[[ RECORDS FOR THIS TASK open ]]

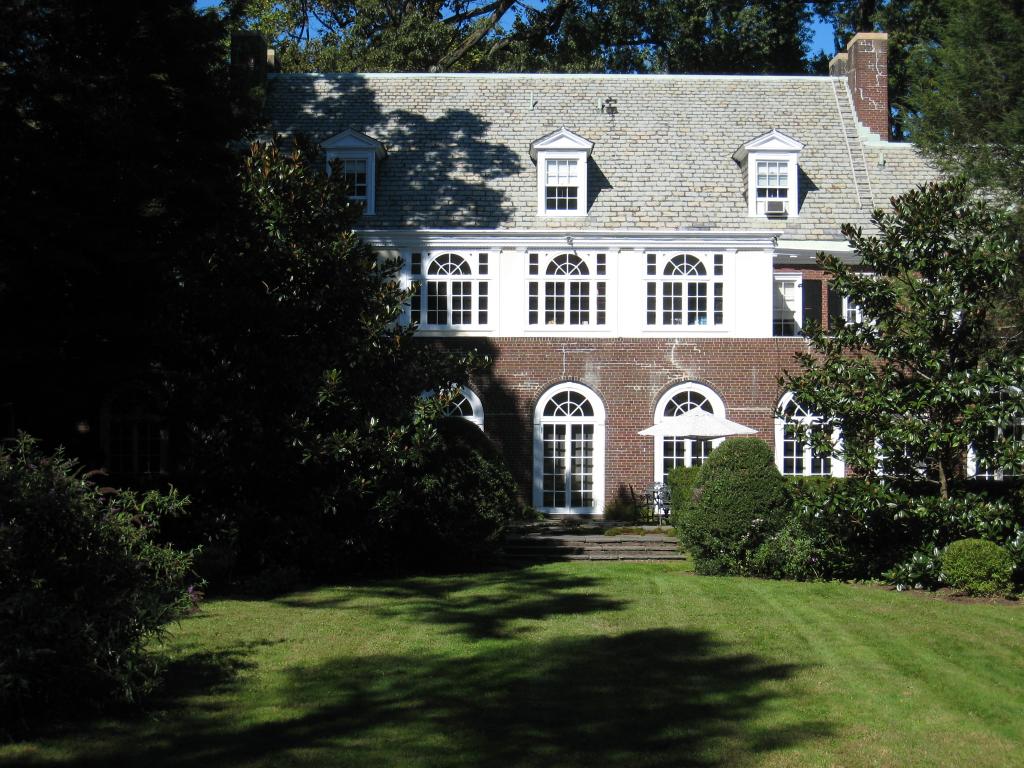 89 LLEWELLYN RD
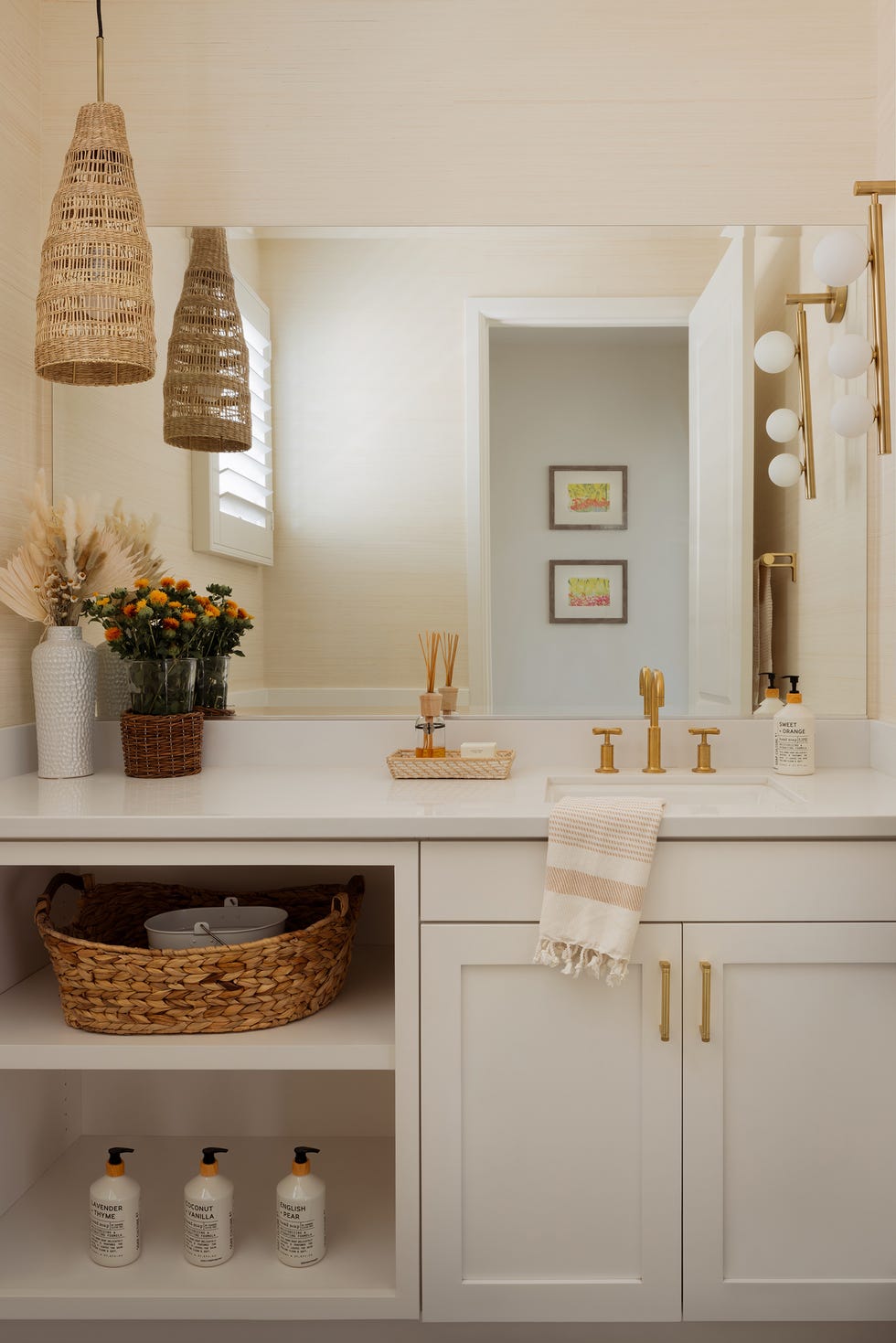 baño con mueble blanco y encimera de mármol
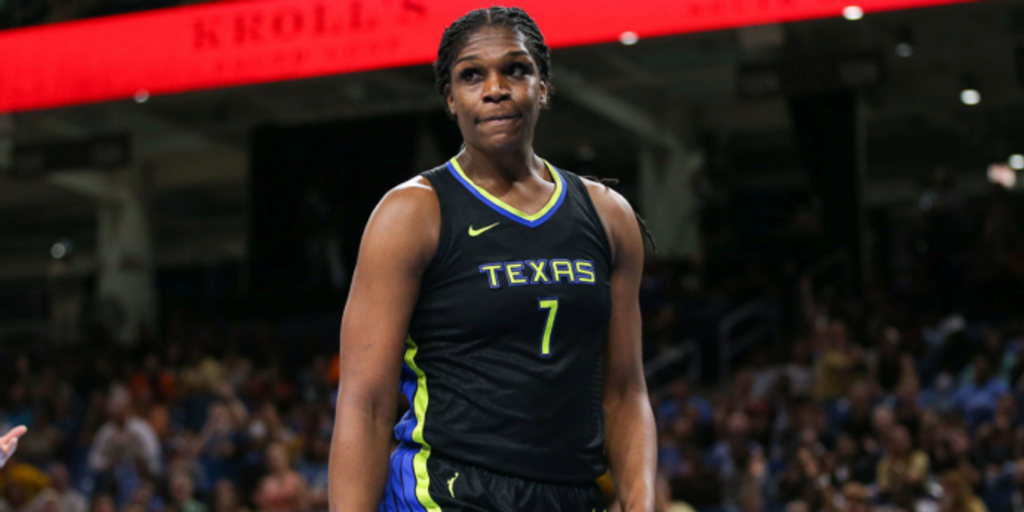 Teaira McCowan is shining for the surging Dallas Wings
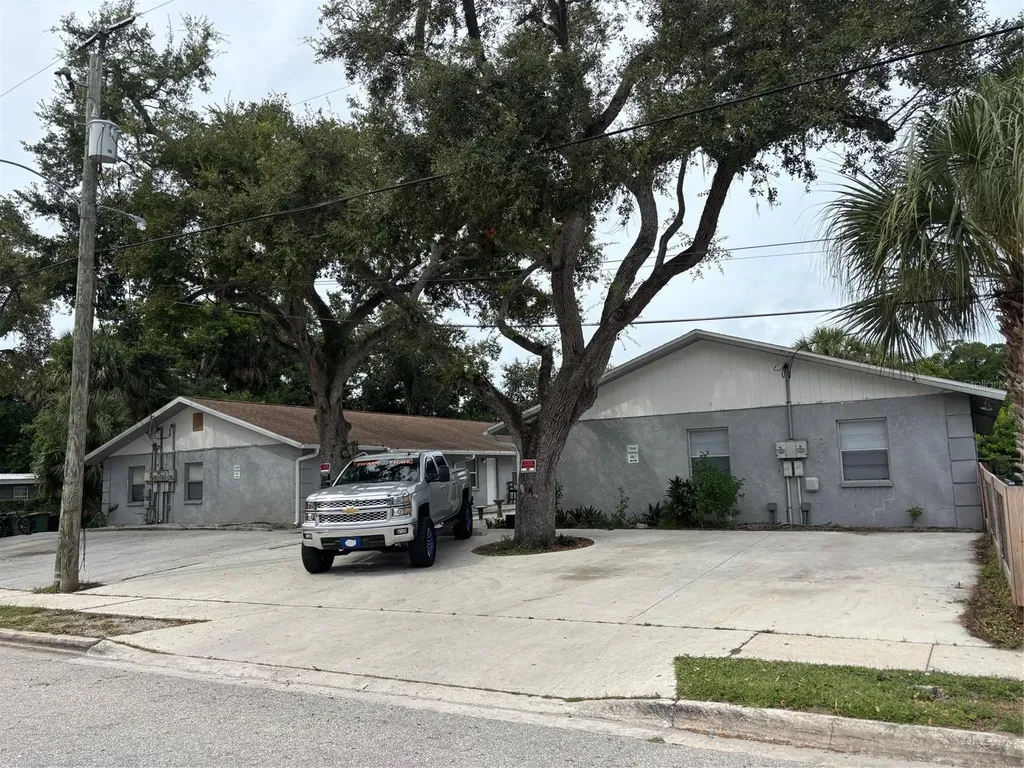 2381 Leon Avenue Sarasota FL 34234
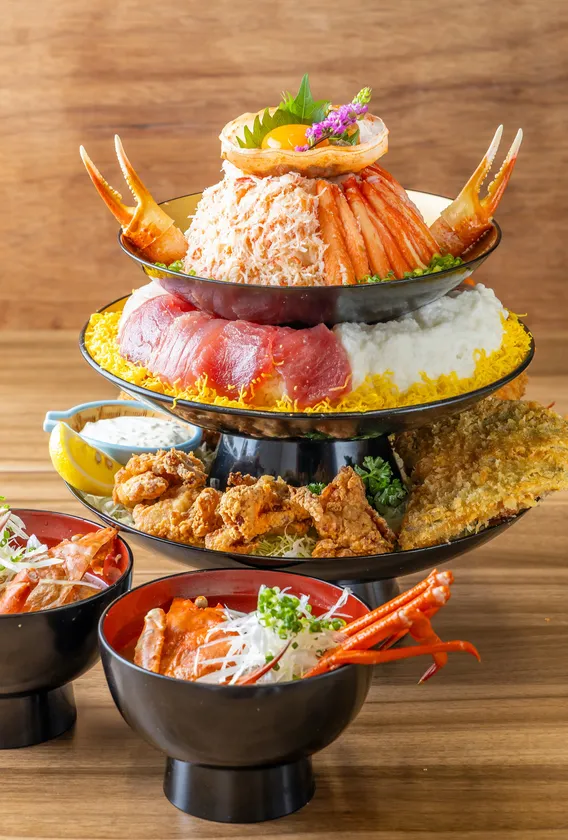 鳥取ぐるっと三段巡り絶景丼 7,150円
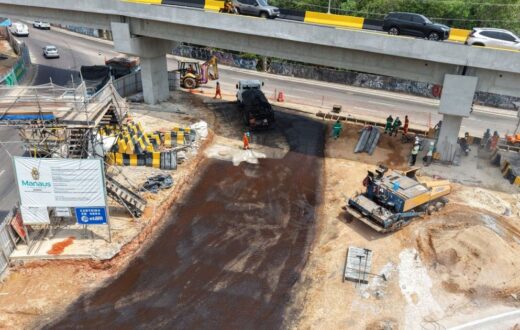 Pavimentação integra implantação da rotatória do complexo Passarão em Manaus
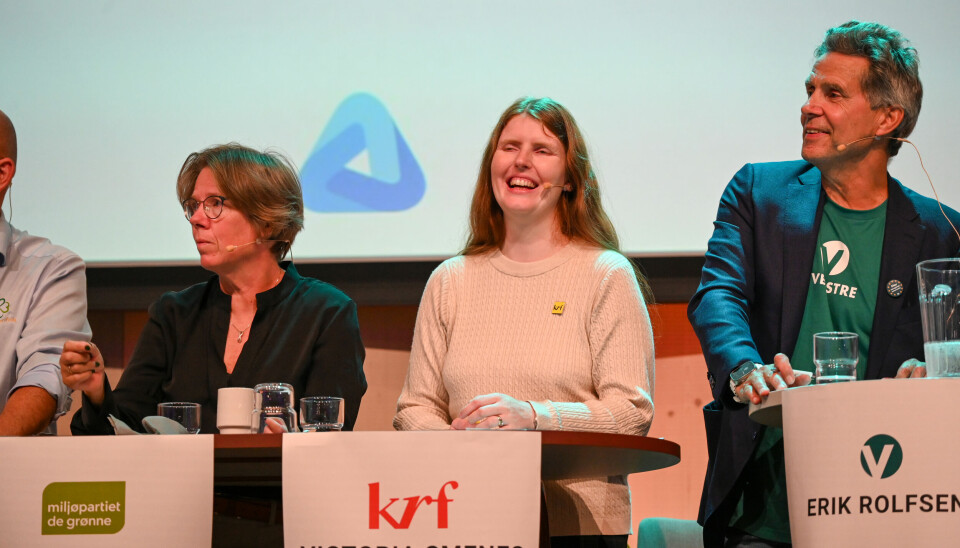 Fra venstre: Gro Santi Johnsen (Miljøpartiet De grønne), Victoria Smenes (Kristelig folkeparti) og Erik Rolfsen (Venstre) under valgkampdebatten på Campus mandag 1. september.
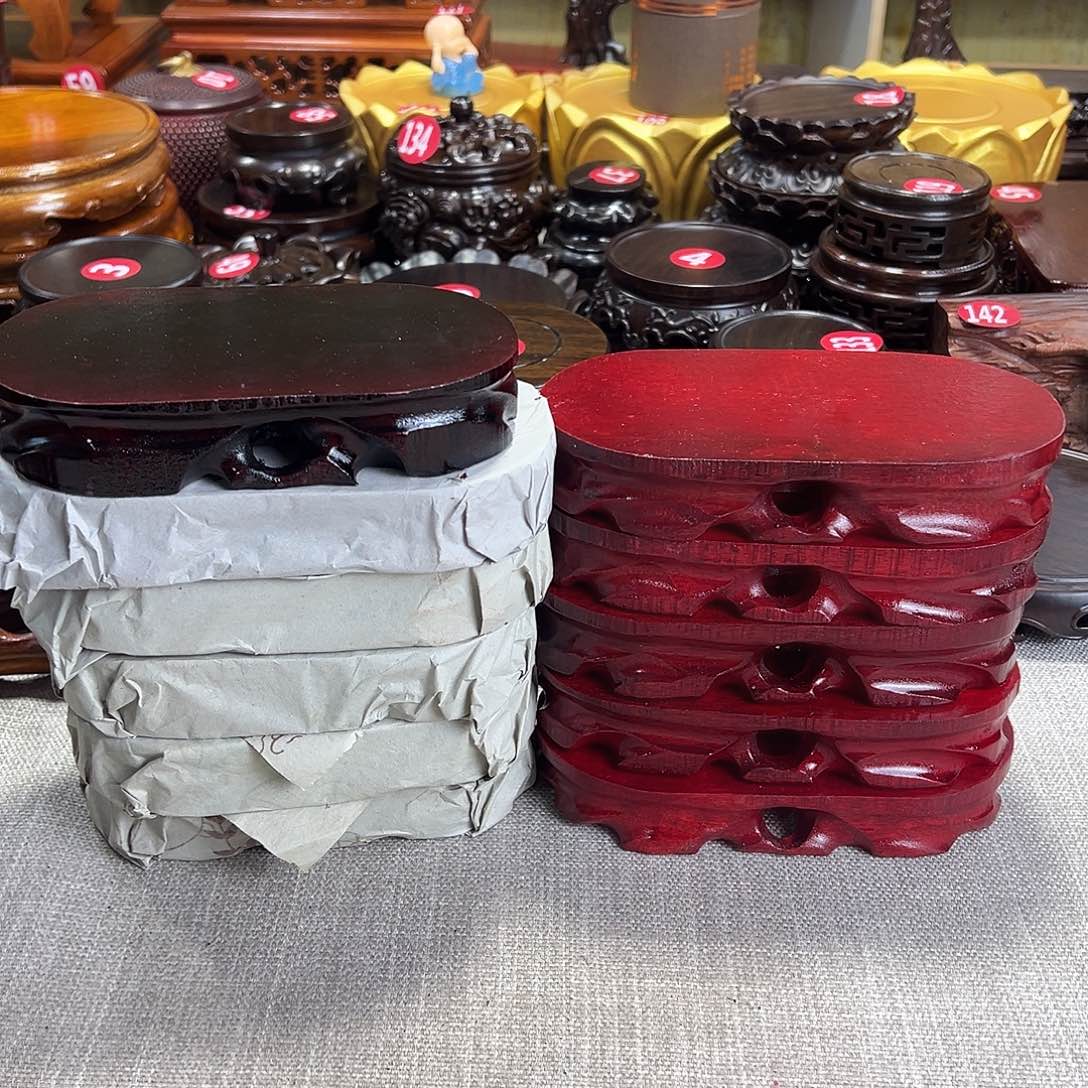 红木底座精雕工艺品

[[ RECORDS FOR THIS TASK closed ]]

- **THE TASK**
With the pictures removed, please retype each record exactly.

- **PROBLEM SOLUTION**
 89 LLEWELLYN RD
 baño con mueble blanco y encimera de mármol
 Teaira McCowan is shining for the surging Dallas Wings
 2381 Leon Avenue Sarasota FL 34234
 鳥取ぐるっと三段巡り絶景丼 7,150円
 Pavimentação integra implantação da rotatória do complexo Passarão em Manaus
 Fra venstre: Gro Santi Johnsen (Miljøpartiet De grønne), Victoria Smenes (Kristelig folkeparti) og Erik Rolfsen (Venstre) under valgkampdebatten på Campus mandag 1. september.
 红木底座精雕工艺品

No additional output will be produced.